00:00 Publié dans Littérature | Lien permanent | Commentaires (0) | Facebook | |
07 mai 2023
"BOUQUINAGE" - 231
"Une fois notre service terminé, Lee et moi nous allions à la maison pour y trouver Kay en train de lire, soulignant des passages au crayon jaune. Elle faisait la cuisine pour trois et parfois Lee nous quittait pour se payer une bourre à moto sur Mulholland. C’est alors que nous parlions.
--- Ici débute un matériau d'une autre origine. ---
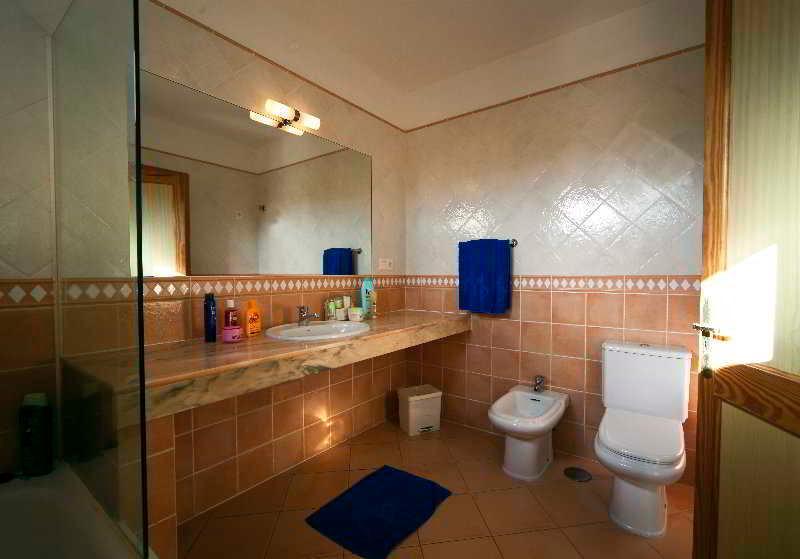 קורלחו Apartamentos Maxorata Beach מראה חיצוני תמונה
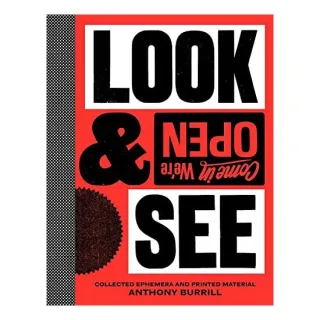 Look & See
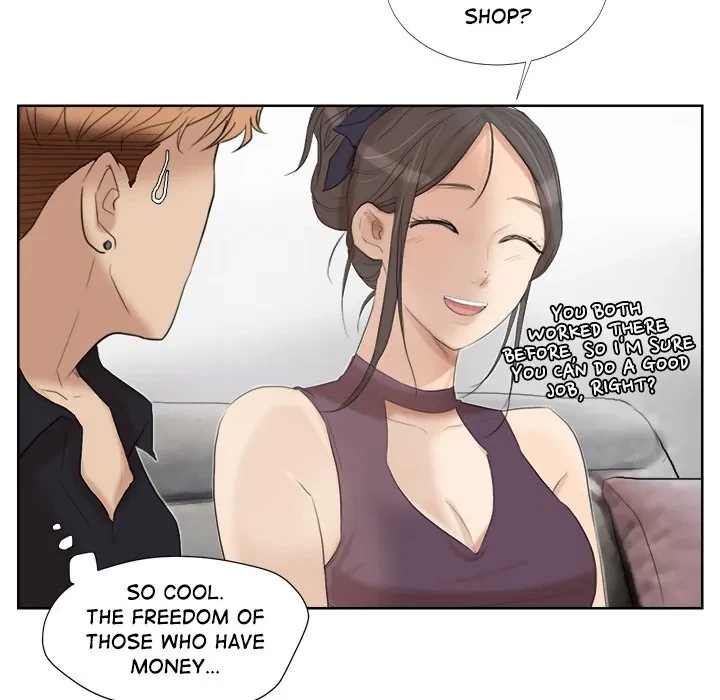 Chapter 20, page 62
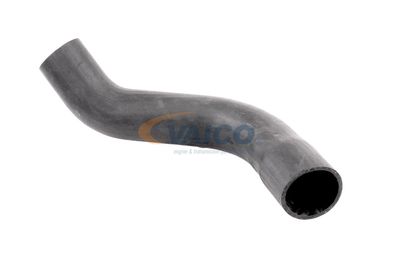 FURTUN EAR SUPRAALIMENTARE VAICO V420621 15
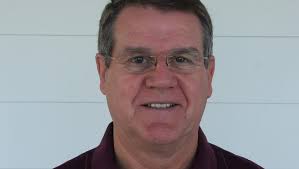 Profile: Paul Farineau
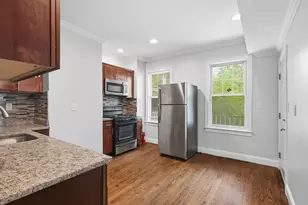 71 Walnut Park, Boston, MA 02119 - Photo 5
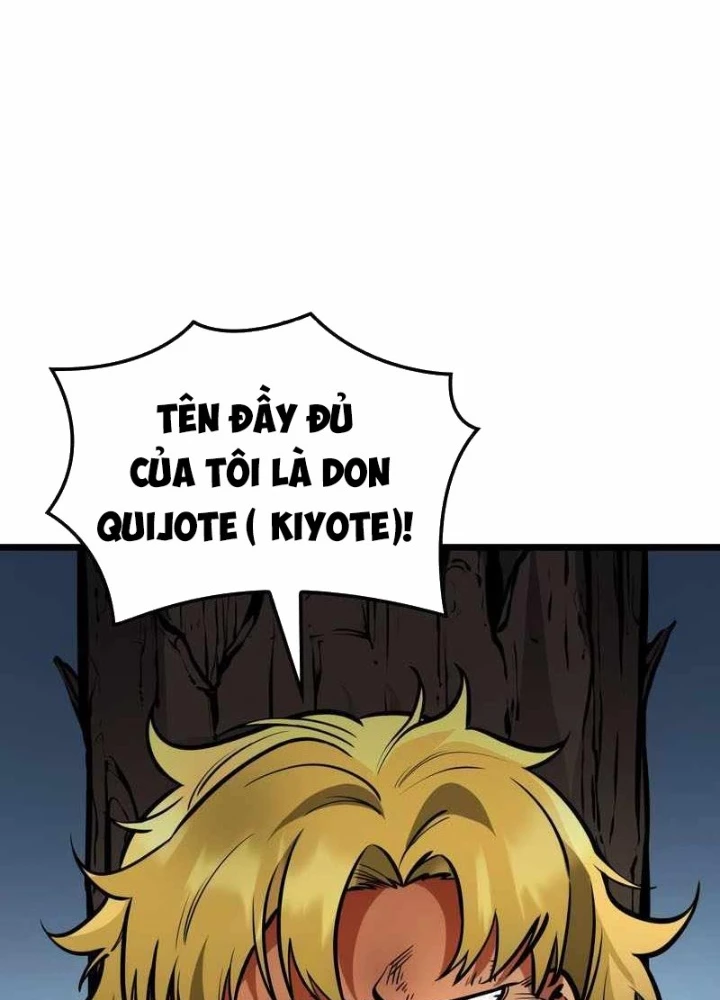 Độc Chiến Đế Vương Chapter 22 - 271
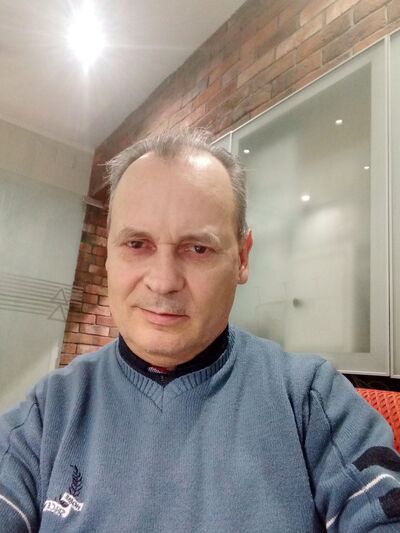 ,   , 57 ,   ,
Lee était toujours à la périphérie de nos conversations, comme si c’était tricher que de parler de la force brute qui était notre point d’ancrage sans qu’elle fût présente : Kay parlait de ses six années d’université et de ses deux maîtrises que Lee avait financées grâce à ses bourses de boxeur, disant aussi à quel point son travail de professeur remplaçant convenait à merveille à la “dilettante surdiplômée” qu’elle était devenue, je lui racontais comment j’avais grandi, petit Boche à Lincoln Heights. On ne parla jamais de mes dénonciations à la Brigade des Étrangers ou de sa vie avec Bobby De Witt. Nous avions tous les deux l’intuition et le sens de l’histoire de l’autre, mais l’un comme l’autre, nous ne voulions pas de détails. J’avais la main, sur ce point : les frères Ashida et Sam Murakami étaient morts depuis longtemps, mais Bobby De Witt se trouvait à un mois d’être libéré sur parole à L.A., et je savais que Kay avait peur de son retour. Si Lee était effrayé, il ne le montra jamais, mis à part le moment où Harry Sears lui avait refilé le tuyau, et jamais cela ne l’avait gêné, même au cours des meilleurs moments passés ensemble –ceux que l’on passait à travailler côte à côte aux Mandats et Recherches. J’appris, cet automne-là, ce qu’était réellement le travail de police, et Lee fut mon professeur. De la mi-novembre jusqu’à la nouvelle année, on mit la main sur onze criminels, dix-huit délits de fuite et trois fugitifs en violation de liberté conditionnelle. À contrôler les rôdeurs suspects, on ramassa une demi-douzaine de mecs supplémentaires, tous pour usage de stupéfiants. On travaillait directement sous les ordres d’Ellis Lœw, et aussi à partir des listes de délits et des bruits de couloir de la Brigade, le tout filtré par le flair de Lee."